Going dark to fight for my team

Throughout the normal and lengthy course of my career in agency, I watched many clients, projects and people come and go as the seasons and business quarters rolled on. When things started to get a little rough (indicated by higher than usual employee churn), I kept my ear to the ground looking for any potential opportunities that may arise to try to create some stability for the team that I was working with. It is worth noting that I had been working with the people on that business team for as long as I had been with Moxie.

That opportunity came towards the front side of 2011 with the prospect of a new real-time messaging service that would tie into the data warehouse of one of our largest clients. The project was correctly rejected according to standard operating procedures by the in-house services development team due to the crazy timeline (something like 2 weeks for delivery). I was asked to stand up a temporary stop-gap until we had solid resources and such so they could properly task the project with a senior developer.

As the solutions engineer at Moxie, I was more than happy to provide a solution for the situation at hand. Through the course of casual conversation, it had became apparent to myself (and at least one more person) that this one project could very easily turn into a functional monopoly on ALL transactional messaging (maybe around +400MM a month). A casual solution was NOT what we needed. We needed something that was more top shelf, and I was up for the challenge.

I agreed to stand up the "stop-gap" web service, and didn't make a big deal about it. It was my goal to build the project tight enough to keep the train on the tracks. There would be plenty of eyeballs looking to fault this hot little open source ROI driver for the slightest defect.
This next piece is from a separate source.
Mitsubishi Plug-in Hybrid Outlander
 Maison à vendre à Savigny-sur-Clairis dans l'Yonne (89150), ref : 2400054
There were several layers to the plan. Knowing that at any moment the project could have been axed or taken away from me...I had to go dark (need to know basis only) on the following ::

  • Establishment of a bullet-proof and enterprise grade PHP class library that the small group of PHP developers could begin to leverage (and contribute to) for their PHP projects. Call it an open source community kick-off...or something. Due to the fact that the agency was a traditional .NET shop, there were fewer internal resources devoted to my technology. Before PHP could play with the big boys...we needed bigger guns!
  • The class library would also serve as the jump point for a much needed redesign of my teams portal/creative extranet...which was bursting at the architectural seams from the years of duct tape + changes in business process. That portal was a very successful rogue application from 2008 that was in it's 4th year of production; long overdue for an architectural revamp.

  • Development of a custom web service that would both meet the current client's needs as well as scale with the growth of the business. This included planning for functionality that was not requested by the client (such as the mobile alerts real-time messaging). The service would need to be built according the following standards (that I made up on the fly) ::
    • full transparency enabled by advanced error notifications/bubbling, logging at the component level and intelligent integrations with the 3rd party email messaging tool (Responsys)
    • 100% OOP (and super super tight) coded with comments and according to best practices (don't be lazy...or evil)
    • data architecture - optimized for batch processing (this app needs to be screaming)
    • A business plan for implementation and roll out of the service. I didn't put this plan together until after I made my "This_Is_What_We_Are_Aiming_To_-
      Do_Any_Questions?" presentation to the expanded tech team. It included...among other things...a request for a marginalized 25% raise for everyone that supported my teams business.

By the end of the project, I would no doubt have been able to to carve out some new business as well as permanently solidify the production worthiness of open source community supported technologies at the company.

I got the boot prior to being able to execute on the business plan, but the service and PHP class libraries were successfully completed.